### Required work
Of the lines listed below, return exactly those that run from the line containing "K&ouml;nnte beinhalten: Weihnachtsbaumschmuck" through the line containing "Dean Lewins won", both included.

### Task data
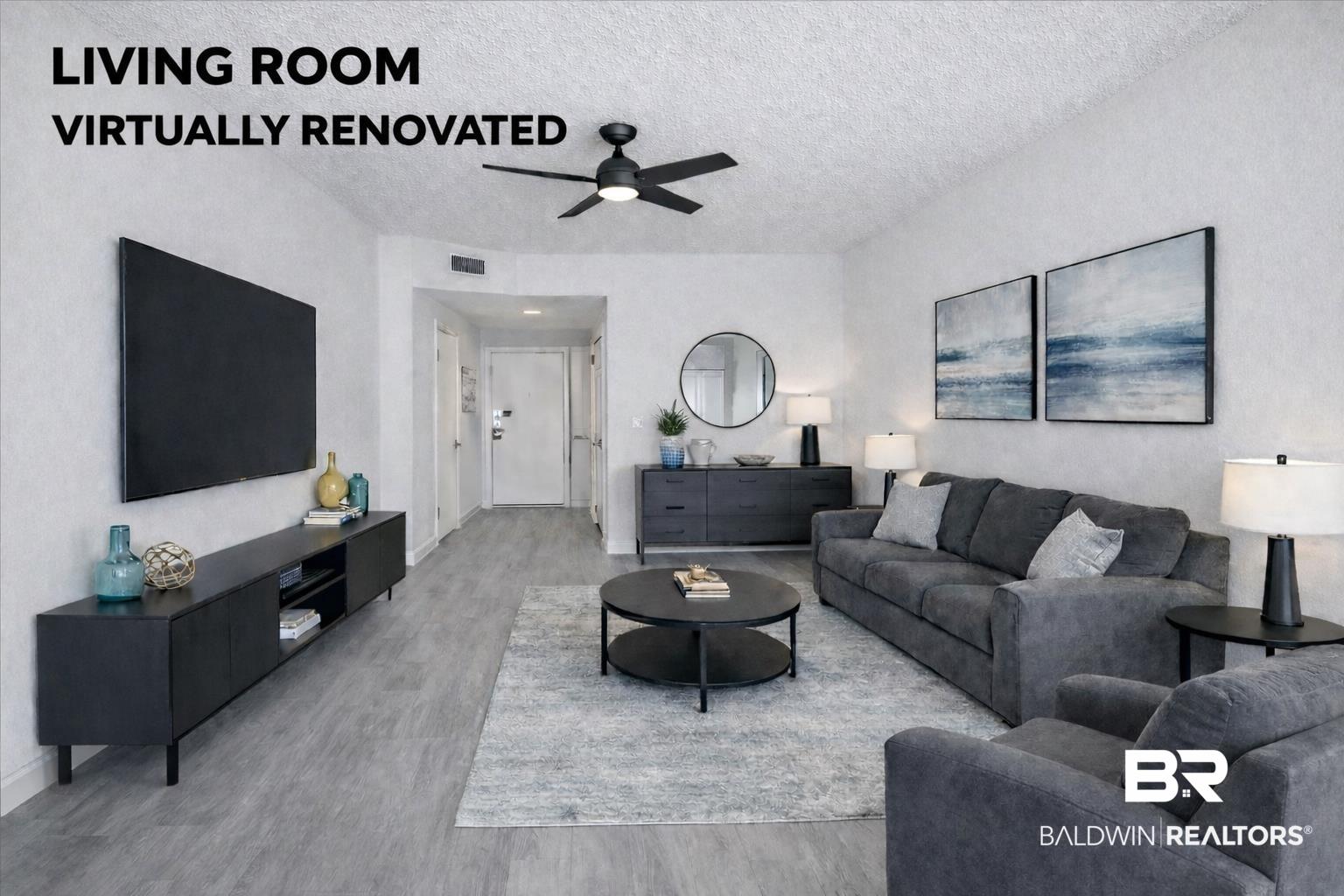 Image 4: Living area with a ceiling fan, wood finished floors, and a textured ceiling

---

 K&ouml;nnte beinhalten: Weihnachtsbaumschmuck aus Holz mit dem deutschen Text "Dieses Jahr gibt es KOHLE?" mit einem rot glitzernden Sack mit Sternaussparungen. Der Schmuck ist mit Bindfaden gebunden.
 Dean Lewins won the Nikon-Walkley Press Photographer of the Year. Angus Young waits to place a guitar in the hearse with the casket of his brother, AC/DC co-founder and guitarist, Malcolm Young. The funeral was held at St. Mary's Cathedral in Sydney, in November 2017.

### Response to the exercise
 K&ouml;nnte beinhalten: Weihnachtsbaumschmuck aus Holz mit dem deutschen Text "Dieses Jahr gibt es KOHLE?" mit einem rot glitzernden Sack mit Sternaussparungen. Der Schmuck ist mit Bindfaden gebunden.
 Dean Lewins won the Nikon-Walkley Press Photographer of the Year. Angus Young waits to place a guitar in the hearse with the casket of his brother, AC/DC co-founder and guitarist, Malcolm Young. The funeral was held at St. Mary's Cathedral in Sydney, in November 2017.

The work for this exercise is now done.